**TRY IT**
Retype only the lines from the top of the records to the line with "From here, we're", including that line but none of the pictures.

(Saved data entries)
● ● ● ● ●
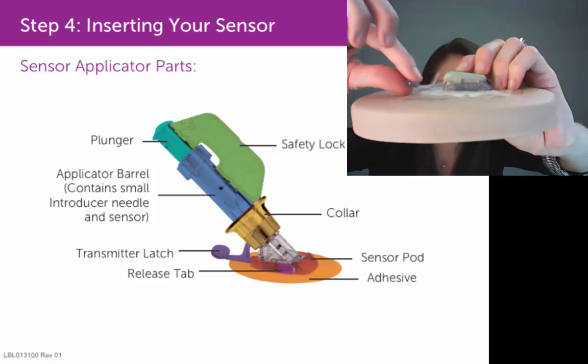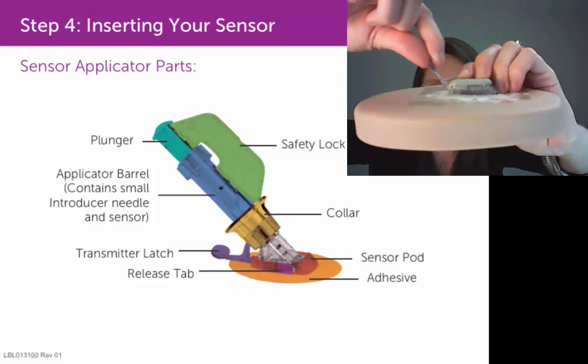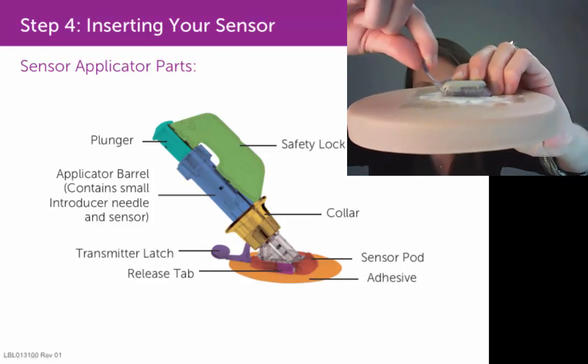Then grab onto this transmitter latch and pull the latch towards the transmitter. Pull it really, really hard until you hear two separate clicks.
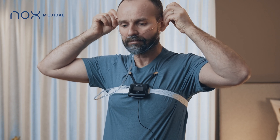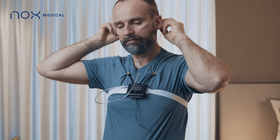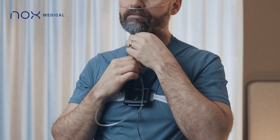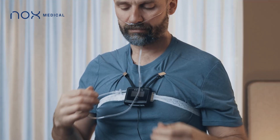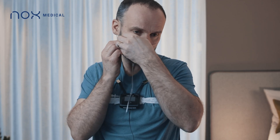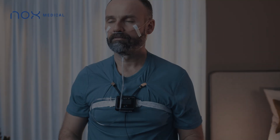Pull the cannula tubing over your ears, then position it under your chin. You can slide the fastener under the chin to hold the cannula tubing securely in place. You can also put a little piece of tape on the cannula on either cheek to hold it securely in place.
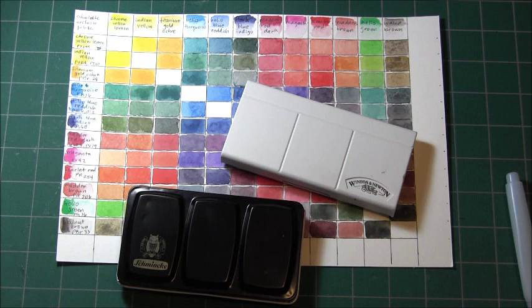If you enjoy makeup and have watched makeup videos on YouTube, you might have heard of a challenge called Pan That Palette. Even if you don't enjoy makeup, I hope you'll stay around and watch the rest of this video, because today I'm going to start something I call the Pan That Watercolor Palette Challenge.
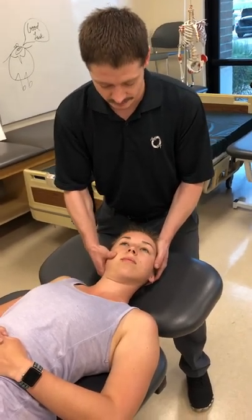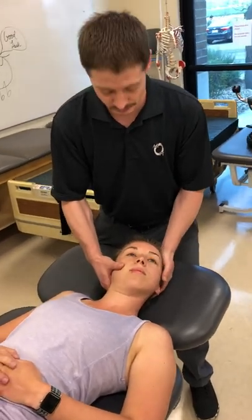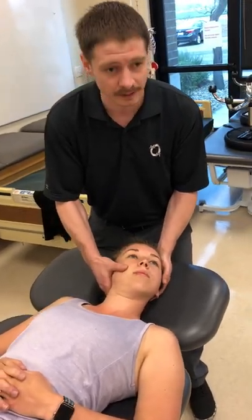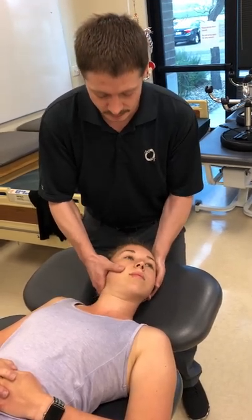From here, we're going to arc the head towards the eyeball. The rotation is going to be up and over to the left. We're going to find where we feel the dry stick feeling, prime the joint a few times, and go.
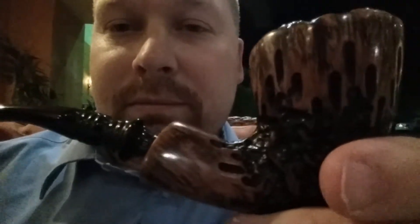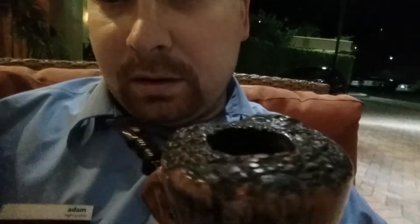Hey, what's going on YouTubers, this is Adam, the Florida Piper. I'm going ahead and making another video because I want to show you a recent acquisition. You can see right here this pipe that I'm smoking — it's an Eric Nording that I just ordered online. This is called the Abstract; it's hand carved. I love these pipes, I've always liked the Nording style.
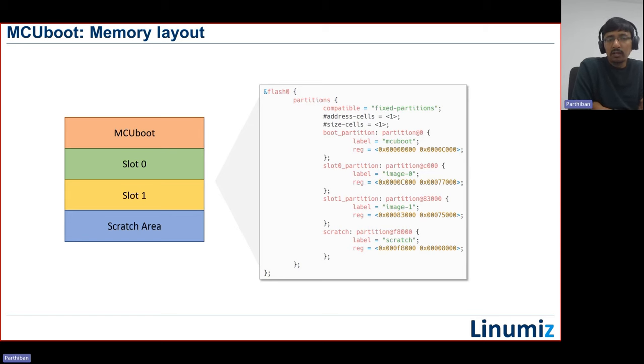Slot one is typically used for over-the-air software updates. When doing an OTA update, the application running in slot zero downloads the newer version of software, flashes it into slot one, updates flags in the MCU boot partition, and resets the target. On the next boot cycle, MCU boot detects the new image in slot one and swaps it with slot zero using a scratch area as temporary memory. If the new image fails to confirm itself as valid, MCU boot can swap back to the previous image. If you don't need OTA support, you only need MCU boot and a single slot.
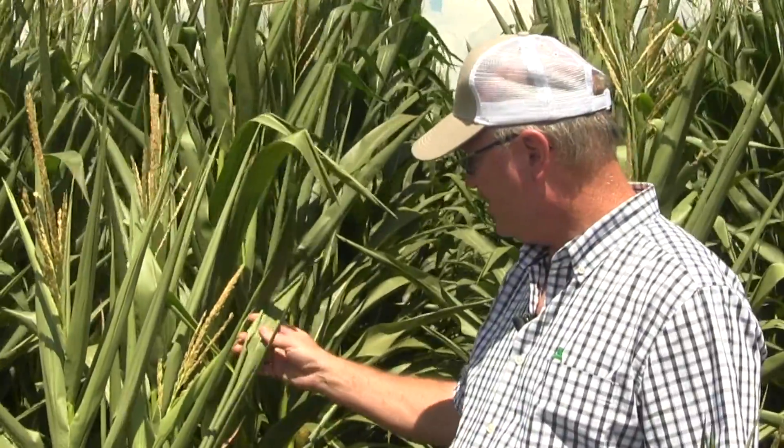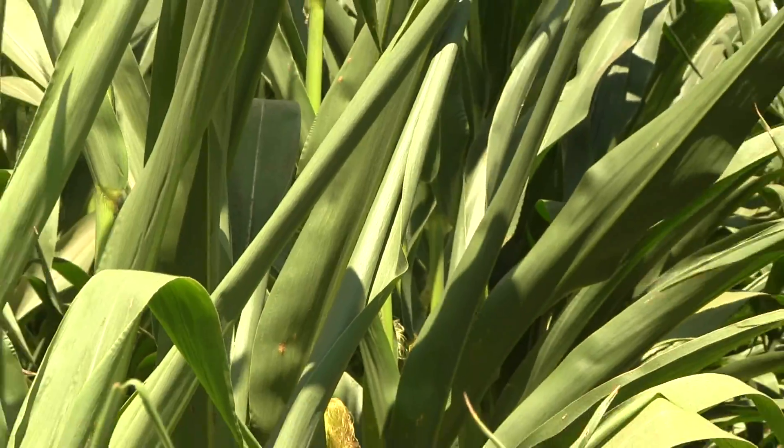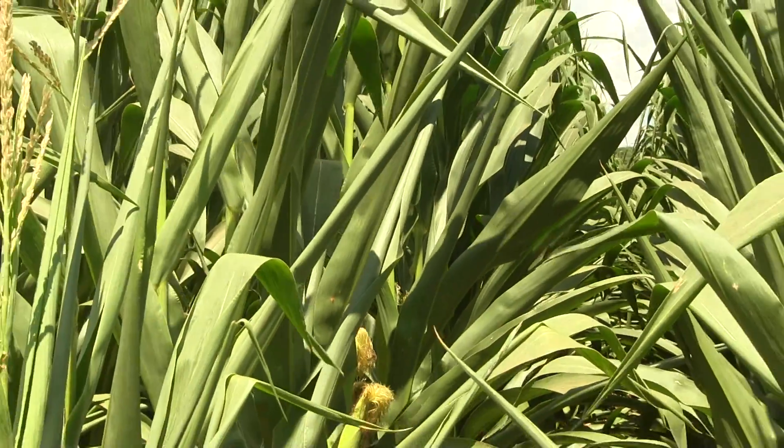It's August and we're at that time of year when everybody is wondering how much rain you've had — that's the one thing on most everybody's lips at the coffee shops. You can see some of this corn is showing signs of stress, rolling up from lack of moisture, and this time of year we get spotty rains where some places get rain and some don't.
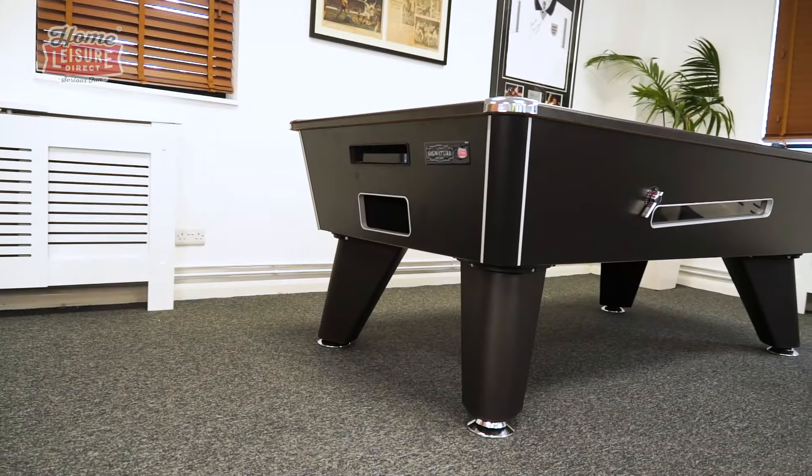Hi there. Welcome to our video running you through a comparison of our five most popular bar style, pub style, or competition style — the deep-bodied pool tables that we sell.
● ● ● ● ●
**REPLY**
Then grab onto this transmitter latch and pull the latch towards the transmitter. Pull it really, really hard until you hear two separate clicks.
Pull the cannula tubing over your ears, then position it under your chin. You can slide the fastener under the chin to hold the cannula tubing securely in place. You can also put a little piece of tape on the cannula on either cheek to hold it securely in place.
If you enjoy makeup and have watched makeup videos on YouTube, you might have heard of a challenge called Pan That Palette. Even if you don't enjoy makeup, I hope you'll stay around and watch the rest of this video, because today I'm going to start something I call the Pan That Watercolor Palette Challenge.
From here, we're going to arc the head towards the eyeball. The rotation is going to be up and over to the left. We're going to find where we feel the dry stick feeling, prime the joint a few times, and go.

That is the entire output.